Seneca’s opening statement in De Beneficiis is an eye-opener: “We don’t know how to give and receive.” He seeks to set us straight — and he has a lot more in mind than the mere manners of putting crisp dollars into birthday cards for grandkids and hoping they’ll reply with sincere thank-you notes. His idea of gifts is expansive. It includes material objects as well as deeds: “Help this one with cash, that one with credit, another with influence, another with advice, another with healthful teachings.” These are all, at bottom, “generous acts, done in an eager and voluntary spirit, that bring joy, and also reap joy, from the act of giving.”

They’re also vital. Giving and receiving, Seneca believes, are the lifeblood of a healthy civil society. If that sounds exaggerated, perhaps it’s because we moderns are so accustomed to a vast web of public entitlements that provide everything from schooling to health care to old-age pensions. In Seneca’s age, as Miriam Griffin and Brad Inwood write in the introduction to their translation of De Beneficiis (University of Chicago, 2011), giving and receiving took on “a function of particular importance in an ancient society where the state apparatus was minimal and there was little in the way of impersonal mechanisms of exchange or welfare.” Even today, of course, a lot of life runs on handshakes and favors. Seneca couldn’t imagine another way.

Although How to Give is not really a how-to guide for modern philanthropists, it does offer thoughtful advice. Donors should be bighearted. Recipients should be grateful. It sounds so simple, but any number of potential complications can disrupt the mechanics of generosity and gratitude. Donors can have ulterior motives, such as using their beneficence to acquire fame. Recipients can feel humiliated, if a gift conveys a hurtful message. (Does a gift basket of personal-hygiene products imply that the giver regards the recipient as unclean?) Seneca also worries about gifts that can cause more than psychic harm: You wouldn’t want to give a set of blades to a grief-stricken person, he observes.

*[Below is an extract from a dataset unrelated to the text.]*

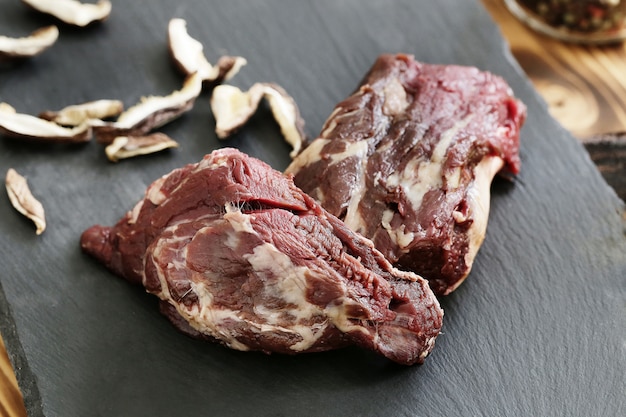 Carne cruda con ingredienti per cucinare il pasto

For donors, writes Seneca, the most important factor is intent: “If you give a benefit in order to reap a reward, you didn’t give it,” he writes. Givers should require no public acknowledgment of their giving: “Otherwise, it’s not good deeds that gratify you but the appearance of doing them.” Seneca even recommends that givers forget what they have given. At the same time, he urges recipients to remember: “Let the one who gave keep quiet; the one who got should tell.” This has implications for naming rights: Seneca would say that naming or renaming a building, for example, never should be a condition of donating but rather an expression of genuine gratitude by beneficiaries. How to Give is as much about receiving as it is about giving, and Seneca regards ingratitude as a social threat: “No other flaw so much undoes and tears apart the harmony of the human race.”

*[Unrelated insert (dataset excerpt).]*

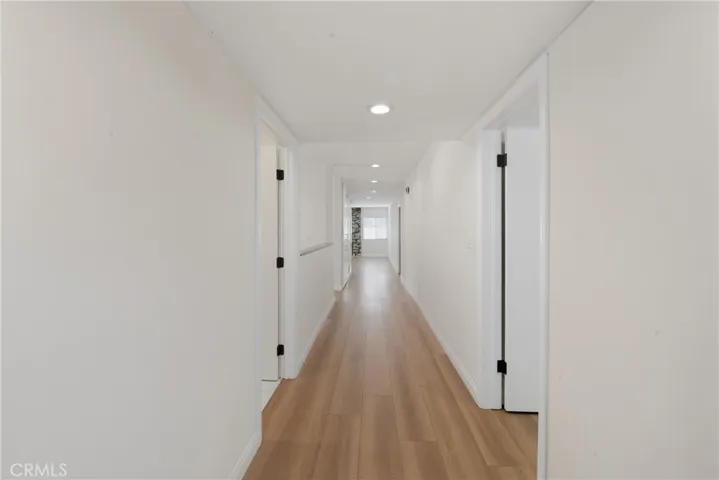 Picture taken from foyer to the large wide hallway of the home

Big gifts can make a big difference, but the greatest gifts can come from the smallest givers: “Often the ones who put us more in their debt are those who gave little but with great spirit, . . . who forgot their own poverty.” This is the gospel message of the poor widow who gave two copper coins at the temple — and won the praise of Jesus for her sacrifice.

T. S. Eliot once condemned Seneca’s prose as “extraordinarily dull and uninteresting.” If this were true, we wouldn’t still read it two millennia later. Seneca’s writing certainly made an impression on Gac Filipaj, a janitor at Columbia University who took advantage of an employee tuition waiver and spent a dozen years earning a degree. Upon his graduation in 2012, the New York Post asked him to name his favorite subject. He replied: “I love Seneca’s letters because they’re written in the spirit in which I was educated in my family — not to look for fame and fortune, but to have a simple, honest, honorable life.”

Now that’s a fitting expression of gratitude for a man of literary gifts who wrote, at the close of De Beneficiis, “I got the reward of my gift when I gave it.”